_TASK TO CARRY OUT_:
In the listing below, find the line with "Ham, Cheese, Chives, Carrot" and copy every line from there up to and including the line with "Black Racing Men's Bib - Image 4", exactly and without pictures.

_PROVIDED ENTRIES_:
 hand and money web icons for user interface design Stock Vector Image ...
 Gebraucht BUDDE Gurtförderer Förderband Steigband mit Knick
==
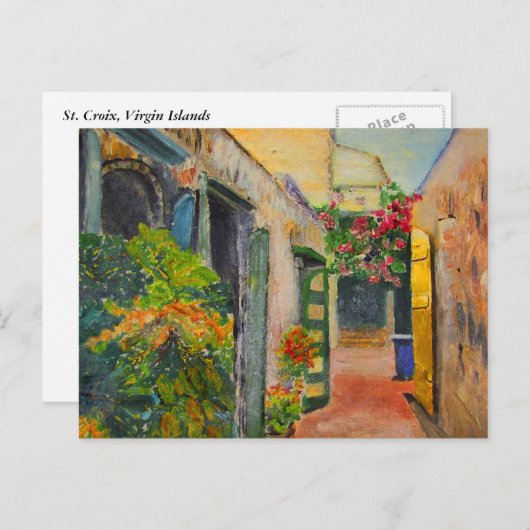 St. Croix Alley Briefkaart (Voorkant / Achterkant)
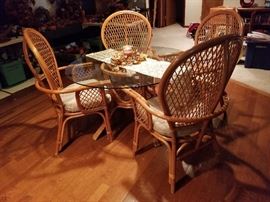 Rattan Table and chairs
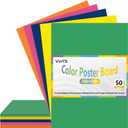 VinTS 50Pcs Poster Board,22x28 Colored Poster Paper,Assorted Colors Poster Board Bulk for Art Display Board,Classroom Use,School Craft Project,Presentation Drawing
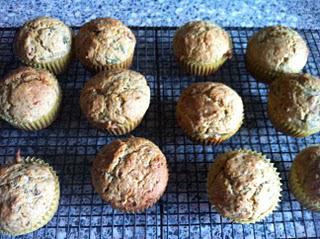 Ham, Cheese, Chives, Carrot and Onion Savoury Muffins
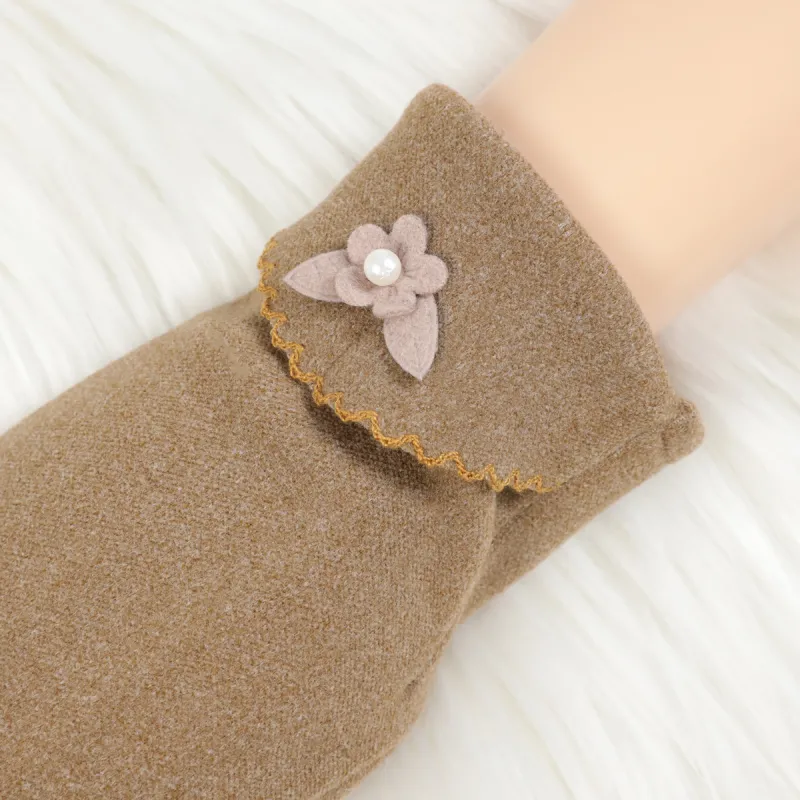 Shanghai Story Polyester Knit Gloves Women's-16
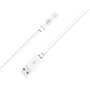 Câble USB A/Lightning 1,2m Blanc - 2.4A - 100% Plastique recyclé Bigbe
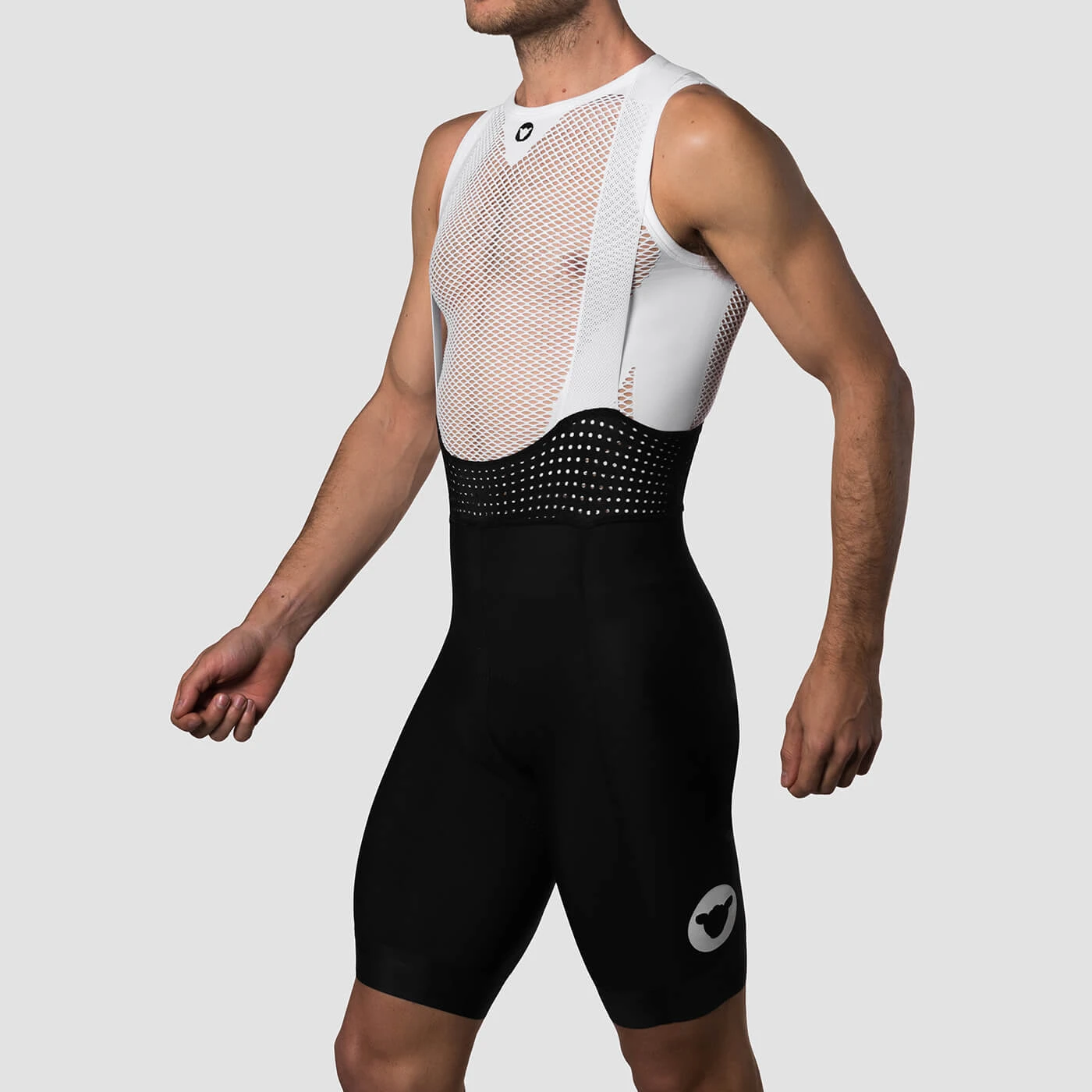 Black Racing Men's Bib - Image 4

_ANSWER SPACE_:
 Ham, Cheese, Chives, Carrot and Onion Savoury Muffins
 Shanghai Story Polyester Knit Gloves Women's-16
 Câble USB A/Lightning 1,2m Blanc - 2.4A - 100% Plastique recyclé Bigbe
 Black Racing Men's Bib - Image 4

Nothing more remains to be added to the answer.